There is no question: psychotherapy can also be harmful. There are a whole series of people who tell regrettable stories about poor therapy, insults, assaults, lost time and disappointed hopes.
Psychotherapy is not infallible. Especially, two people interact with each other, and many unpredictable things can happen in this kind of process. There are not only the feelings that the patient has towards the therapist, but also the feelings, attitudes or prejudices that the therapist has towards the patient. In psychoanalysis, this (counter-) transference is regarded as vital for the successful therapy. In cognitive behavioral therapy, it is assumed that psychotherapy could be planned so precisely that the personality of the therapist takes a back seat.
Damage in psychotherapy can mean a lot:
- Feelings can be hurt
- Expectations can not be met
- Trust can be abused
- Valuable (life) time can be lost
- Private relationships can be affected
- Self-payers may suffer financial damage
- Helpful therapies are not applied or are applied too late
- Mental dependencies are exploited
- (Sexual) assault can happen
There can be no doubt that emotional insults are very painful and can severely impair the quality of life.

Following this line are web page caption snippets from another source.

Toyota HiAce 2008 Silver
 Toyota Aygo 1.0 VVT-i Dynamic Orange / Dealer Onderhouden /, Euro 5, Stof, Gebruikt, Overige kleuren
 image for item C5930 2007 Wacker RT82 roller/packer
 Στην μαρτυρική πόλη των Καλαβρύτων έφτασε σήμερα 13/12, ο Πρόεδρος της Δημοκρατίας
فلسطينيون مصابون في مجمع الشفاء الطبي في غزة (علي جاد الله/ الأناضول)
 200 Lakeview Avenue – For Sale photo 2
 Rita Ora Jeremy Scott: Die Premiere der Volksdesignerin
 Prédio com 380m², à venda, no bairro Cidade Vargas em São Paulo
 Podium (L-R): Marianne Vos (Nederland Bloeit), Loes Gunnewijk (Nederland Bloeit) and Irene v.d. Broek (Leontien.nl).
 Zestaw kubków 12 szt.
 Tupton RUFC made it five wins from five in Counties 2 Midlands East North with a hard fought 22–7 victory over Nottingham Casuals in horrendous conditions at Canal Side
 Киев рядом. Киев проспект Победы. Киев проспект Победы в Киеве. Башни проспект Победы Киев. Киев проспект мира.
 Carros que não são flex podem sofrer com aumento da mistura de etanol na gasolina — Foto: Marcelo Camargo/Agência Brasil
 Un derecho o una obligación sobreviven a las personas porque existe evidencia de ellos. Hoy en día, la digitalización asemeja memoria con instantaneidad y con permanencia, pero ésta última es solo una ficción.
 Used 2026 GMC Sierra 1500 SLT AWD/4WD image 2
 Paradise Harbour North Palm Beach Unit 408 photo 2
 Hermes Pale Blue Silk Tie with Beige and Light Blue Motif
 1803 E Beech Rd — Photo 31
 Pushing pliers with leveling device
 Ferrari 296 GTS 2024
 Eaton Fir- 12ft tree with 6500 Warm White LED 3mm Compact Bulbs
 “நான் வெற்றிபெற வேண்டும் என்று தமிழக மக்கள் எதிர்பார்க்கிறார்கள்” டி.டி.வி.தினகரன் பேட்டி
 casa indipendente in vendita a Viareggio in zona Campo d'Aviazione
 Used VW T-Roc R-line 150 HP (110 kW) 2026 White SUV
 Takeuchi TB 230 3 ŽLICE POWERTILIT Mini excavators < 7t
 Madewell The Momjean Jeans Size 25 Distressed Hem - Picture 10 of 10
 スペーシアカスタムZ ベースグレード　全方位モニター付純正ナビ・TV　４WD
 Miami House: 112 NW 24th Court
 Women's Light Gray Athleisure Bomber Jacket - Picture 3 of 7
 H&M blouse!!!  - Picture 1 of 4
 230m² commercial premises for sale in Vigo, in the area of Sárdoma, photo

This can also be the case with physical harm.
When considering the question of harm in psychotherapy, one is inclined to compare this question with the question of harm, for example through medical treatment, such as surgery. It may be necessary to remember that there is always danger and potential harm in life. There can be no doubt that emotional offenses (which are what is usually considered to happen through therapy) are very painful and can severely affect the quality of life. This can also be the case with physical damage.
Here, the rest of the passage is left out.